Kozmik boşlukta sarmal yapıda yeni bir dev galaktik tür keşfedildi. Samanyolu’nu gölgede bırakacak kadar büyük olan sarmal gökadalar “süper sarmal” olarak adlandırılır.
Süper sarmallar, tipik uzun sarmal gökadaları taklit ederek düz bir görünüm sergiler. Ancak NASA verileri ile yapılan çalışmayla bunların gerçekte sarmal devler olduğu ortaya çıkarıldı. Bununla birlikte süper sarmal devlerin nasıl evrimleştiği gizemini korumaktadır.

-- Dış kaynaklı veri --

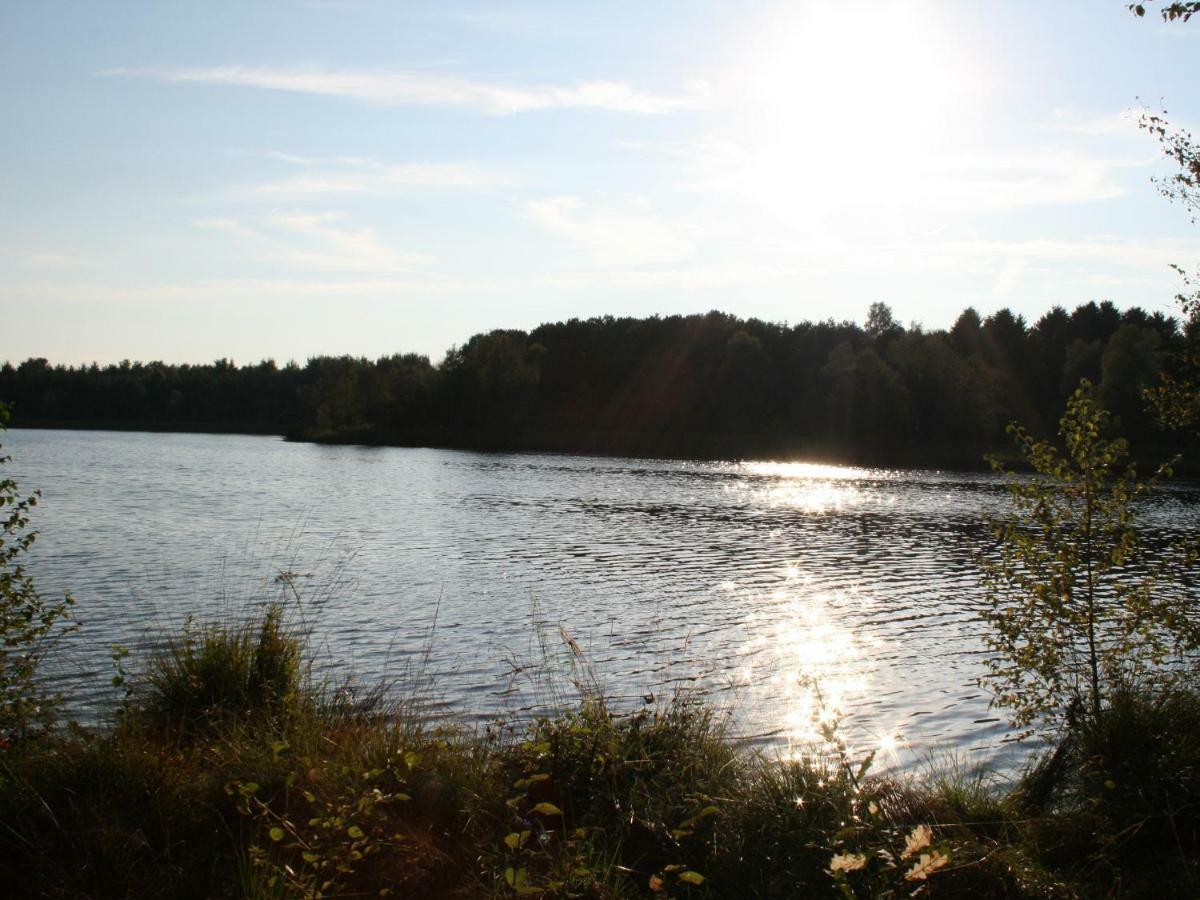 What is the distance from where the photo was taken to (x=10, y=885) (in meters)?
5.54

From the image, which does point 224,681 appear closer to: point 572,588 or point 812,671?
point 812,671

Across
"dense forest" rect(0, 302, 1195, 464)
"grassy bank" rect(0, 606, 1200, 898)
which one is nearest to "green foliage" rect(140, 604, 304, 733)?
"grassy bank" rect(0, 606, 1200, 898)

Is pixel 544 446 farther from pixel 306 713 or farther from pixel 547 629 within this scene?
pixel 306 713

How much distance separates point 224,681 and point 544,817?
12.5ft

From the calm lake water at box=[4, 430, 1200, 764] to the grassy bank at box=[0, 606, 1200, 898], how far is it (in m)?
1.47

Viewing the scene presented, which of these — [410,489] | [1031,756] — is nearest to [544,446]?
[410,489]

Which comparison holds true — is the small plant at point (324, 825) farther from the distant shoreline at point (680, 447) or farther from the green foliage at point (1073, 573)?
the distant shoreline at point (680, 447)

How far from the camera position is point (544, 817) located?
6.75 meters

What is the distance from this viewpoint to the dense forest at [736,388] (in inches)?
3664

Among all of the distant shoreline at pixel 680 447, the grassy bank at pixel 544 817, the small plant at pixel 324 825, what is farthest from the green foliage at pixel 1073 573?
the distant shoreline at pixel 680 447

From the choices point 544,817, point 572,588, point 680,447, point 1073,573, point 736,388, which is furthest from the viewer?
point 736,388

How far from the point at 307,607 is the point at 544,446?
8466 centimetres

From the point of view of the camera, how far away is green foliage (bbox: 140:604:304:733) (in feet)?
28.1

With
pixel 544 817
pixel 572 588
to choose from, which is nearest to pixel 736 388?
pixel 572 588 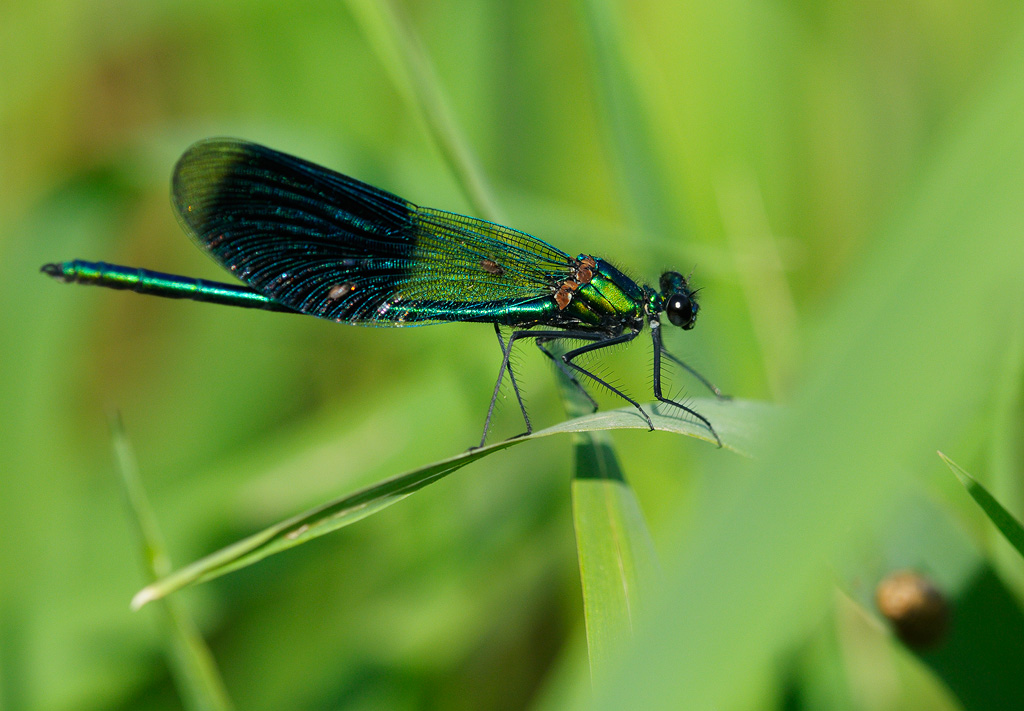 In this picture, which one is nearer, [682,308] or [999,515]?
[999,515]

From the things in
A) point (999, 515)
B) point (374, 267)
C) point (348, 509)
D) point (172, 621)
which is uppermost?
point (374, 267)

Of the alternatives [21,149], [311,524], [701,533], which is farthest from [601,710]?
[21,149]

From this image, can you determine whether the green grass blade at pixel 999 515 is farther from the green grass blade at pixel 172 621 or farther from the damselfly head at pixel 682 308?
the green grass blade at pixel 172 621

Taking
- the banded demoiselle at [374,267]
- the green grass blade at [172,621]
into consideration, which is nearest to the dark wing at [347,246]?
the banded demoiselle at [374,267]

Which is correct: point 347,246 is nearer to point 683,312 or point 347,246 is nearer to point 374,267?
point 374,267

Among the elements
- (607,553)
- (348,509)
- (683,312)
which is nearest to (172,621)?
(348,509)

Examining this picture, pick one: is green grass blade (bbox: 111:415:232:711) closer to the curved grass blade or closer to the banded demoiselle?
the curved grass blade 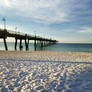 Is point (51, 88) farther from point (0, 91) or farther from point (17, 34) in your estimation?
point (17, 34)

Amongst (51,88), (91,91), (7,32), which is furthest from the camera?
(7,32)

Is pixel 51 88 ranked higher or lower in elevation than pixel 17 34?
lower

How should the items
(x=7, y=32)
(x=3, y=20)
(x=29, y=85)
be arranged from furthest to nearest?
1. (x=3, y=20)
2. (x=7, y=32)
3. (x=29, y=85)

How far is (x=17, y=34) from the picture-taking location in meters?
28.6

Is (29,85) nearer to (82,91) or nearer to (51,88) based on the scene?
(51,88)

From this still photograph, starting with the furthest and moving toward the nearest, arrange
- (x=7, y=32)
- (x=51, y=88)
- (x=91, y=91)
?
(x=7, y=32) < (x=51, y=88) < (x=91, y=91)

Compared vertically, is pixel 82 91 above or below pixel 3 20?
below

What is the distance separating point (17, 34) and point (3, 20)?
465 cm

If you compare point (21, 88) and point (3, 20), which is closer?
point (21, 88)

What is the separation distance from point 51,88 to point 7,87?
154 centimetres

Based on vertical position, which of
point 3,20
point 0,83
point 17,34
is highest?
point 3,20

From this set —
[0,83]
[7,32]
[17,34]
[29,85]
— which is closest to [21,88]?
[29,85]

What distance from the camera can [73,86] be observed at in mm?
4000

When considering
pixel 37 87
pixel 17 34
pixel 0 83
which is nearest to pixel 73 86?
pixel 37 87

Kaliforniya Teknoloji Enstitüsü’nden astrofizikçi Patrick Ogle: “Bildiğimiz sarmalların içinde en büyük, en parlak ve en kütleli, bilinmeyen yeni bir sınıf belirledik. Bir zooloğun Dünya’daki en büyük kara hayvanı tanımında yer alan filden çok daha büyük bir hayvan keşfetmesi gibi şaşkınlık içindeyiz” diyor.
Araştırma ekibi ellerindeki 100 milyondan fazla gökada verisini içeren arşivi tararken tesadüfen süper sarmalları fark etti. NASA/IPAC Çok Büyük Gökada Veri Tabanı olan NED (Extragalactic Database), uzayda görev yapan Gökada Evrimi Tarayıcısı (Galaxy Evolution Explorer), Sloan Sayısallaştırılmış Gökyüzü Araması (Sloan Dijital Sky Survey), Spitzer ve WISE gibi teleskopların çeşitli dalga boylarında üretilen dev arşividir. Bu arşivin kullanılması bunun gibi birçok keşfin de habercisi olabilir.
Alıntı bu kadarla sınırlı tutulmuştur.